══ THE DATA
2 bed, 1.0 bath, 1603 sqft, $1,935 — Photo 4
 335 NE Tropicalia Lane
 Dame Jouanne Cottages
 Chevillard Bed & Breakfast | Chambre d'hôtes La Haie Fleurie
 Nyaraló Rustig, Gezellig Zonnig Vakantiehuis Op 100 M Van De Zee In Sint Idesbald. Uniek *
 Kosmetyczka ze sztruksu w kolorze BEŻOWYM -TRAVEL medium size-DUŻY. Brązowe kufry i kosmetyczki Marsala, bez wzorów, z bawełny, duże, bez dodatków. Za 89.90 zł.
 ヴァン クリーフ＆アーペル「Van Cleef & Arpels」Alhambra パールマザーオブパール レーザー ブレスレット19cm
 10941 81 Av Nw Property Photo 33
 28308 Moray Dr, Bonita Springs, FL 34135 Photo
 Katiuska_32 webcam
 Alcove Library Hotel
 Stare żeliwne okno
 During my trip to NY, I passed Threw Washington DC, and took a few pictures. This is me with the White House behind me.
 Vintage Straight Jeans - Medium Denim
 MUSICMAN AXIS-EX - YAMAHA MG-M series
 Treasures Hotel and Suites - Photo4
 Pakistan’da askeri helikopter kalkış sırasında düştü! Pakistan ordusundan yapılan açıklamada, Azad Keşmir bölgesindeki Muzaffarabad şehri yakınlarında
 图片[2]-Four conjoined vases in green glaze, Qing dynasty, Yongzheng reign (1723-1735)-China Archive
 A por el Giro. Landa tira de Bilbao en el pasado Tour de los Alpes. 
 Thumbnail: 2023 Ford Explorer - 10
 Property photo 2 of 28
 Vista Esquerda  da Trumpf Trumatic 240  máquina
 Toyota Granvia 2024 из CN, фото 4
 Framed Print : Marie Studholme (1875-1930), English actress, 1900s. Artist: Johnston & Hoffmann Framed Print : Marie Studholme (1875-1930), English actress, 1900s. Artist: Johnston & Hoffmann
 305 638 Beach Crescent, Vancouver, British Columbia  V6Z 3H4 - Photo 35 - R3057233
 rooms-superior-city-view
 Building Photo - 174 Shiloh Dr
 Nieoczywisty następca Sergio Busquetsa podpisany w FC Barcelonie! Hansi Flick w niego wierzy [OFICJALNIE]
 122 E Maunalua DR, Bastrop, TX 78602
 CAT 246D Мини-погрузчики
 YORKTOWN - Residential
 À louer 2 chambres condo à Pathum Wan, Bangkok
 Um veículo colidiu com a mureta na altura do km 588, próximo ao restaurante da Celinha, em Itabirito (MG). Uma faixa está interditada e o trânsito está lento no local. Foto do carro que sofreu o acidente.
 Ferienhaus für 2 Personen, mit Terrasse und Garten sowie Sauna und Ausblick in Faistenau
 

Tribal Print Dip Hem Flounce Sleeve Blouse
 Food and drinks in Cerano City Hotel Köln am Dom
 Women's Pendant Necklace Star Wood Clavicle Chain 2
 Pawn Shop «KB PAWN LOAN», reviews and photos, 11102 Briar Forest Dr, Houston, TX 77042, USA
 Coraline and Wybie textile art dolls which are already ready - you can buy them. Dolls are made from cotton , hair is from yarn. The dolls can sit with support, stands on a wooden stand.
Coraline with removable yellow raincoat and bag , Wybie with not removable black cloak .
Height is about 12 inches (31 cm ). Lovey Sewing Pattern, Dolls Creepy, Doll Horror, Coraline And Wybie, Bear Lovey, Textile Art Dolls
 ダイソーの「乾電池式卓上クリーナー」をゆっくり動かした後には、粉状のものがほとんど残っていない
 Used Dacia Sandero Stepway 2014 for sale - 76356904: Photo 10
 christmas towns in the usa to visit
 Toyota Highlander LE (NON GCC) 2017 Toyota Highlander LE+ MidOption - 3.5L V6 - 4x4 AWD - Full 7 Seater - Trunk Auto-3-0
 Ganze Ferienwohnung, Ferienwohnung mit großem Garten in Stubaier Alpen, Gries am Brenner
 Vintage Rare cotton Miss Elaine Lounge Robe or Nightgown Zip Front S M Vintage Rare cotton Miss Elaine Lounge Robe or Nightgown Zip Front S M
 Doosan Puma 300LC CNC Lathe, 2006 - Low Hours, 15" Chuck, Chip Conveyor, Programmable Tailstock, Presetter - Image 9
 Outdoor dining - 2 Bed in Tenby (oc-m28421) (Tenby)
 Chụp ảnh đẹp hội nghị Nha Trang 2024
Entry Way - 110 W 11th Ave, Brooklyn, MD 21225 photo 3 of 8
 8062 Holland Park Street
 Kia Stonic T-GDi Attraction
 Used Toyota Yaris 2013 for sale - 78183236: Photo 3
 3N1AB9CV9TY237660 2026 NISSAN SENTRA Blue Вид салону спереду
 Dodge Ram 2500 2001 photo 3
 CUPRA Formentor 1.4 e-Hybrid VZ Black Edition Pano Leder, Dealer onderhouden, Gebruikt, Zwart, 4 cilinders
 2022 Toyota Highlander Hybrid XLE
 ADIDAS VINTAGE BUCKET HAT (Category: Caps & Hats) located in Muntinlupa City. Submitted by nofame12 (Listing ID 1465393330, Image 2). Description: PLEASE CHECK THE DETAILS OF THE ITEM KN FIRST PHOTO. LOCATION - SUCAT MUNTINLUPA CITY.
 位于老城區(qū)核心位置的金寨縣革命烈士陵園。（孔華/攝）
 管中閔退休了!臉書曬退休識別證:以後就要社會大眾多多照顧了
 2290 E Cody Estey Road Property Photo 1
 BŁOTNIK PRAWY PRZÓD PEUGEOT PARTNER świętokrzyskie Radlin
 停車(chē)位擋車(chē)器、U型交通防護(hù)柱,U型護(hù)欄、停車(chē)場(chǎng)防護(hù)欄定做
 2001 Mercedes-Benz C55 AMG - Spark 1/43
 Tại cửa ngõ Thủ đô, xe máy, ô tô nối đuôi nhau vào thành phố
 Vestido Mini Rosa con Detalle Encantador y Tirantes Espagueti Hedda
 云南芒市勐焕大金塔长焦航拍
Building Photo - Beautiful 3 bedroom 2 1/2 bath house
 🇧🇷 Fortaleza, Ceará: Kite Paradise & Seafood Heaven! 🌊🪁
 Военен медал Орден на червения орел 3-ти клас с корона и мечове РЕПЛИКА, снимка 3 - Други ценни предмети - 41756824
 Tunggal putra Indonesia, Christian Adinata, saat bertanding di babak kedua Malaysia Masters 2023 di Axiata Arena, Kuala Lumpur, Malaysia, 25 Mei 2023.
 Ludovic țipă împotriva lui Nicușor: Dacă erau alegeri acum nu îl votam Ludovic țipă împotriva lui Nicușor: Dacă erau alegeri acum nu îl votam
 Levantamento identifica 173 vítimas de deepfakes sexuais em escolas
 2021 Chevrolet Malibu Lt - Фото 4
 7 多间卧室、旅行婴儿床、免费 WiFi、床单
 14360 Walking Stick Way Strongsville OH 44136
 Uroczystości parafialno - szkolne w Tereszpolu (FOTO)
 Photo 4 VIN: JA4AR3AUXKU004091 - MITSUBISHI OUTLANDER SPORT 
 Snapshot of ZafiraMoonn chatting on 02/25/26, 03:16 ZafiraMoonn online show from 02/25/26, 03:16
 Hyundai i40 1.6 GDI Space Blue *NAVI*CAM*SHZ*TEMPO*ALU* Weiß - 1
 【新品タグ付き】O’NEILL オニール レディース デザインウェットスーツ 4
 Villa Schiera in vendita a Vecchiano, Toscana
════
__TASK REQUIREMENTS__. Take every line from the records that holds "Toyota" and copy it down.

__OUTPUT__.
 Toyota Granvia 2024 из CN, фото 4
 Toyota Highlander LE (NON GCC) 2017 Toyota Highlander LE+ MidOption - 3.5L V6 - 4x4 AWD - Full 7 Seater - Trunk Auto-3-0
 Used Toyota Yaris 2013 for sale - 78183236: Photo 3
 2022 Toyota Highlander Hybrid XLE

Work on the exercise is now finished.